Page 19 of 19

Re: Performance optimization - post your saves

Posted: Tue Aug 24, 2021 7:19 am
by SoShootMe
mrvn wrote:
Tue Aug 24, 2021 1:59 am
SoShootMe wrote:
Fri May 07, 2021 4:07 pm
ptx0 wrote:
Fri May 07, 2021 2:38 pm
too bad we can't pin threads to cores
AFAIK you can, and I've often thought it may offer some (small) performance benefit due to caches. But you have to make sure other things are excluded from running on those cores too, so in most cases it seems like micro-management overkill.
There can be some gain with improved cache hits. If you have 2 sockets/cores with separate caches then pining threads to each set of cores/threads that share caches can be beneficial. Even if they get interrupted every now and then.
The reason I wrote "small" was on the basis that it won't take long to "warm up" the cache compared to how long a thread will typically run before being pre-empted, assuming it doesn't call/trap into the kernel. In other words, only a small fraction of potential progress is lost by needing to fill the cache (non-pinned case) or, equivalently, there is only a small gain by not needing to fill the cache (pinned case).
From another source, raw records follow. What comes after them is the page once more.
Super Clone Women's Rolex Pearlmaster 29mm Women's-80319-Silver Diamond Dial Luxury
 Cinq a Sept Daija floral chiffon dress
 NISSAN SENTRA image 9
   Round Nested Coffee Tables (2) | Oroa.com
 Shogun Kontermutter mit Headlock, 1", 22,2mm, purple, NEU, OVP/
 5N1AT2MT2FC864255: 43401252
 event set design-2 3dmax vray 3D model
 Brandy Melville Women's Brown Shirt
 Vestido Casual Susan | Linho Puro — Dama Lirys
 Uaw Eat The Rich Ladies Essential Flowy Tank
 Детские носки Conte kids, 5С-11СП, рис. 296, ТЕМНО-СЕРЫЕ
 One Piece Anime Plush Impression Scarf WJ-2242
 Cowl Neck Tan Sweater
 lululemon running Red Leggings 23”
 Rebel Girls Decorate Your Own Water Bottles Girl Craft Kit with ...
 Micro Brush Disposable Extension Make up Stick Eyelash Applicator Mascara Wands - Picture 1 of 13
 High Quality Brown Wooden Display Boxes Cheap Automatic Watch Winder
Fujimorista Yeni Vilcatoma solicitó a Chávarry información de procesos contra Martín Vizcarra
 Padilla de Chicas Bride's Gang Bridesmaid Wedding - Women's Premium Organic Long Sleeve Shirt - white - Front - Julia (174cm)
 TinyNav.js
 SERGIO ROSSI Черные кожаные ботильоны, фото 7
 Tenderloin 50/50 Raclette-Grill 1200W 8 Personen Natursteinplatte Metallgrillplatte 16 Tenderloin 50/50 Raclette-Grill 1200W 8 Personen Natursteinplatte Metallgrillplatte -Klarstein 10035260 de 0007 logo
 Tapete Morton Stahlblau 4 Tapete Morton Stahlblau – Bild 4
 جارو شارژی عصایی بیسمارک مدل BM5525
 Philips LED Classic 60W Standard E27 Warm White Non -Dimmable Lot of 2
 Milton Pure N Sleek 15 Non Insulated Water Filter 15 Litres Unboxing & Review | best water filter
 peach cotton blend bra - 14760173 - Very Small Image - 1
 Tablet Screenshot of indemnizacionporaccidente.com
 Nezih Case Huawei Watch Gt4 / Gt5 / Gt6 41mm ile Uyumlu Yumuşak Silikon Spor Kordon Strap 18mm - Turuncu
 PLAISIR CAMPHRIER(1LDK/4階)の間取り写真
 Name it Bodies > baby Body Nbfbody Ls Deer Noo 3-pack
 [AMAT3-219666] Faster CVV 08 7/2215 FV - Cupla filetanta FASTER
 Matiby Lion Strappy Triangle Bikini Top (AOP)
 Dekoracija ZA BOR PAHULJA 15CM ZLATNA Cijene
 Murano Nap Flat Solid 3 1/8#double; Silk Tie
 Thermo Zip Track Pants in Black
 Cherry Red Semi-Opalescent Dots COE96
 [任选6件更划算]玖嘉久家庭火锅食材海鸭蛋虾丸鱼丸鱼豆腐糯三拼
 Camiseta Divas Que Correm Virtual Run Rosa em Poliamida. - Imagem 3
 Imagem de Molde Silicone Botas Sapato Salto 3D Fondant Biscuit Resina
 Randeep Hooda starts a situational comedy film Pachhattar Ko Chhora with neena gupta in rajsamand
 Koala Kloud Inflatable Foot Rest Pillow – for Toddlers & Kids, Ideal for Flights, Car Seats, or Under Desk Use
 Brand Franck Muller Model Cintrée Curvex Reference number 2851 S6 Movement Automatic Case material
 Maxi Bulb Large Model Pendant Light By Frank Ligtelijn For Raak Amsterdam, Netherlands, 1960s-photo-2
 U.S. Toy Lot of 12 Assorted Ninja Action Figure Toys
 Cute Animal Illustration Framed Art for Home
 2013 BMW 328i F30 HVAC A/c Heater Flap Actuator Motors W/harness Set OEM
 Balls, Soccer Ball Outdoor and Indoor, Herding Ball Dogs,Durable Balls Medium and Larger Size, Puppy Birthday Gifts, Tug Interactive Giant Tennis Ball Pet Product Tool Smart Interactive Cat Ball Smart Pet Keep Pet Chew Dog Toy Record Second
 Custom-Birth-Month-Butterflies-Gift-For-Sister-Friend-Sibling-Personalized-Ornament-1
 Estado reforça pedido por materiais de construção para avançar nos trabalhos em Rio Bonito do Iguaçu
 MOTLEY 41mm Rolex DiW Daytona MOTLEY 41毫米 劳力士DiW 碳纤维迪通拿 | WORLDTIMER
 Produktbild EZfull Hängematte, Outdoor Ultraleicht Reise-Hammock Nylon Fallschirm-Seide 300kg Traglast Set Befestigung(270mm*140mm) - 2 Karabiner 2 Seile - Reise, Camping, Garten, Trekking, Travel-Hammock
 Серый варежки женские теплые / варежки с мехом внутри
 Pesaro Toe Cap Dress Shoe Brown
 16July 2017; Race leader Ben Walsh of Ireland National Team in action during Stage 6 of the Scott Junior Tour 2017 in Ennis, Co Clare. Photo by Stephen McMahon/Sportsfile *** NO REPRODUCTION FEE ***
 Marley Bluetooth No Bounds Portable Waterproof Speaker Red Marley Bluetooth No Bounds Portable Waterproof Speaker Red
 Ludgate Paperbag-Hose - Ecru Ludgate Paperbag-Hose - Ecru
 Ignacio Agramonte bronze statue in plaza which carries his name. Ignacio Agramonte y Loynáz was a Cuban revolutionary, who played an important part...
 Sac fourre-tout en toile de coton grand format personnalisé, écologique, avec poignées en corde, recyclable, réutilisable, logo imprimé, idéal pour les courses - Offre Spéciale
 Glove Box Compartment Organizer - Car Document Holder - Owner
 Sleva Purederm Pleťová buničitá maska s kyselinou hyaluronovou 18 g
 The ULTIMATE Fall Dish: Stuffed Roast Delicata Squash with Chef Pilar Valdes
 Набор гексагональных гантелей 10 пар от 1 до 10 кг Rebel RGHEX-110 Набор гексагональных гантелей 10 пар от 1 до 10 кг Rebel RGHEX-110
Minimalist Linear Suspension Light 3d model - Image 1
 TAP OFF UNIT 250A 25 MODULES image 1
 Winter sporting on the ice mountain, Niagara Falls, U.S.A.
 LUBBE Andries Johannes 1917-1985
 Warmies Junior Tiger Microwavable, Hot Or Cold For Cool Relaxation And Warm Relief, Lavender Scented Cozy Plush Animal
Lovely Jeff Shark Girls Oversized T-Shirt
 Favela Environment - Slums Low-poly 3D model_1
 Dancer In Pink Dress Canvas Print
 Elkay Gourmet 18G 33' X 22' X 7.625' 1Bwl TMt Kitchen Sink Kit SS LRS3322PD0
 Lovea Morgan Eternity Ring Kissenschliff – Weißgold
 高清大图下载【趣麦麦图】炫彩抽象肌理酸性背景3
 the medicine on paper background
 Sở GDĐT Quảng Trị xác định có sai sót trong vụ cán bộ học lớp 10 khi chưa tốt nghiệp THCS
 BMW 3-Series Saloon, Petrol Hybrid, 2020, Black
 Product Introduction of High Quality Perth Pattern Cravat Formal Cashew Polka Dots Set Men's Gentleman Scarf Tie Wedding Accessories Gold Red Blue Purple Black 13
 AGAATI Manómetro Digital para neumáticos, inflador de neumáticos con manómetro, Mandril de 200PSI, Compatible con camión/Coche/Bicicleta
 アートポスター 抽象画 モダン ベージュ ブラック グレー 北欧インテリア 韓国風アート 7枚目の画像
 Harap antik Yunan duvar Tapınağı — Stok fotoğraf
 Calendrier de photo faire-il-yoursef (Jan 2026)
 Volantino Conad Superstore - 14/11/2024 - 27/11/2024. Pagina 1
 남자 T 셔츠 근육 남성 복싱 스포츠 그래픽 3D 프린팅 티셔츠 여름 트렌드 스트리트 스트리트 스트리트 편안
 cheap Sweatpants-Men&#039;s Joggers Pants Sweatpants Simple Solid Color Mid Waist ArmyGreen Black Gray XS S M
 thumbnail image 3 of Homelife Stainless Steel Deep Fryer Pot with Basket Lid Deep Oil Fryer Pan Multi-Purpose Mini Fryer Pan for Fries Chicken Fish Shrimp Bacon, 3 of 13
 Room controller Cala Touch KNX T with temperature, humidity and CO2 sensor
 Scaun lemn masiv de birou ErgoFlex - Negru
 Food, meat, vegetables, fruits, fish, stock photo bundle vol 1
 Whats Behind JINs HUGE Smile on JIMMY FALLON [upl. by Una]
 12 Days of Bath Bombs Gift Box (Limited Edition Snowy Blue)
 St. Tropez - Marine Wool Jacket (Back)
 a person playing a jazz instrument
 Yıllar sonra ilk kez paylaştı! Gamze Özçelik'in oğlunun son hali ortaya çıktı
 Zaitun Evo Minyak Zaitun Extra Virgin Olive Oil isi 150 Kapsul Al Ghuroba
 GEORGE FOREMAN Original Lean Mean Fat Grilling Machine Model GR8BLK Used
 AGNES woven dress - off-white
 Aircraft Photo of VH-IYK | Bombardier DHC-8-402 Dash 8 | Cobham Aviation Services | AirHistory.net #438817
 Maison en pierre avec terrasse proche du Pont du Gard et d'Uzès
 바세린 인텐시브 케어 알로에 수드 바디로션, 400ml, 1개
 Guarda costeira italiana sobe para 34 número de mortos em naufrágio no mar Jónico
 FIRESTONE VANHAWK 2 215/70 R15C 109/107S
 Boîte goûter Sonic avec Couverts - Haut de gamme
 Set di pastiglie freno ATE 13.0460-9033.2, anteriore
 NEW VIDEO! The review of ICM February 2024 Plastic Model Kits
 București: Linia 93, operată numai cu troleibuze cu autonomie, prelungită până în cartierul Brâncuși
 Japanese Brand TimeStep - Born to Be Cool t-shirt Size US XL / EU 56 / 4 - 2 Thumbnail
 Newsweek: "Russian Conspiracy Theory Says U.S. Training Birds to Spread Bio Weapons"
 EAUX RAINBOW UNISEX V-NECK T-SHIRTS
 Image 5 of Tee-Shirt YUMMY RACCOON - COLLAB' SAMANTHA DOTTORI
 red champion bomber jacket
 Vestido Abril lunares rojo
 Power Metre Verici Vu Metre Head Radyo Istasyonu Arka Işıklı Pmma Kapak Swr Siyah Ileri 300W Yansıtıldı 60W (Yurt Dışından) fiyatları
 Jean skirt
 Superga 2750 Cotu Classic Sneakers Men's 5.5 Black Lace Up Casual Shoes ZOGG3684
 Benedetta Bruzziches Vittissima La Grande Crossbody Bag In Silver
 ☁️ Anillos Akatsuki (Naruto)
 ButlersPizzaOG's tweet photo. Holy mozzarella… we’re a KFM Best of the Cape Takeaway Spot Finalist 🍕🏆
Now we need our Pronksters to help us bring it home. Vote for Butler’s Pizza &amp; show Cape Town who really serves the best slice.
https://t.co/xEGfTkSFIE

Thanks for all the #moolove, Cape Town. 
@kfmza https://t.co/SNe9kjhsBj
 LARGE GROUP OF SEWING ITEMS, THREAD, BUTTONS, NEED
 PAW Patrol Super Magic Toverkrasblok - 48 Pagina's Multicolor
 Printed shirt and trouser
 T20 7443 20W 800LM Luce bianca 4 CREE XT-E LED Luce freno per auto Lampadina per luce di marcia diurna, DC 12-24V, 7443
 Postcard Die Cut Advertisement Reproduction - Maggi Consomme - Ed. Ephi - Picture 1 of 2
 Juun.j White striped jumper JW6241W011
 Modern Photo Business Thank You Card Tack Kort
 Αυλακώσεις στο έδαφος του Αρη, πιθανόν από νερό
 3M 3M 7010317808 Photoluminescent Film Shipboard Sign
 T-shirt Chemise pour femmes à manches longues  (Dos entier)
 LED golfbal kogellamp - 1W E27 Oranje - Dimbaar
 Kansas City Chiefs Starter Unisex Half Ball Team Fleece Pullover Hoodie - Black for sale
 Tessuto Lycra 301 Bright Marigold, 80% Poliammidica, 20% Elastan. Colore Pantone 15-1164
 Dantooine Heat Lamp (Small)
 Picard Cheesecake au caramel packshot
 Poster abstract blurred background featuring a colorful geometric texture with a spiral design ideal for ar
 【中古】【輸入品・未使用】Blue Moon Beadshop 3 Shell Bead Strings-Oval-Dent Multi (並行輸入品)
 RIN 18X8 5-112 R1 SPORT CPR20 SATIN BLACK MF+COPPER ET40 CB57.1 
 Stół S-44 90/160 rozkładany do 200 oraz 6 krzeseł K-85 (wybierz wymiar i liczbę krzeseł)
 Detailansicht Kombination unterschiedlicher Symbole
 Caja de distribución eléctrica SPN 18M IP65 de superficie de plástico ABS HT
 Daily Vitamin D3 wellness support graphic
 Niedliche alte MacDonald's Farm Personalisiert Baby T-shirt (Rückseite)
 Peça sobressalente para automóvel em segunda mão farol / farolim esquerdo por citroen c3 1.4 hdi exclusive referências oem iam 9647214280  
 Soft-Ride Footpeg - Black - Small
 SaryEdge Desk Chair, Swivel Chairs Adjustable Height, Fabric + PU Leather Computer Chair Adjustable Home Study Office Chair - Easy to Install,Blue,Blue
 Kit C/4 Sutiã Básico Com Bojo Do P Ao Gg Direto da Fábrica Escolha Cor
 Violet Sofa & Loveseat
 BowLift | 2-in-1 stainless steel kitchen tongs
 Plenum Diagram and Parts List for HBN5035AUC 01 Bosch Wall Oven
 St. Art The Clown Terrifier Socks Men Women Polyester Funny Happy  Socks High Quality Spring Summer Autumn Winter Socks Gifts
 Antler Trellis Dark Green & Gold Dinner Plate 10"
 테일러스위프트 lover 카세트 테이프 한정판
The problem with other threads running on the pinned core is that they will "steal" time from the pinned thread, and may "pollute" the cache, both eroding the gain from pinning. Of course, the smaller (or larger) that gain is, the more (or less) important it is to avoid time stealing/cache pollution.

Since you went on to talk about NUMA... I was considering only a non-NUMA system. Although a cache local to certain core(s) has some similarities to main memory local to certain core(s) in a NUMA system.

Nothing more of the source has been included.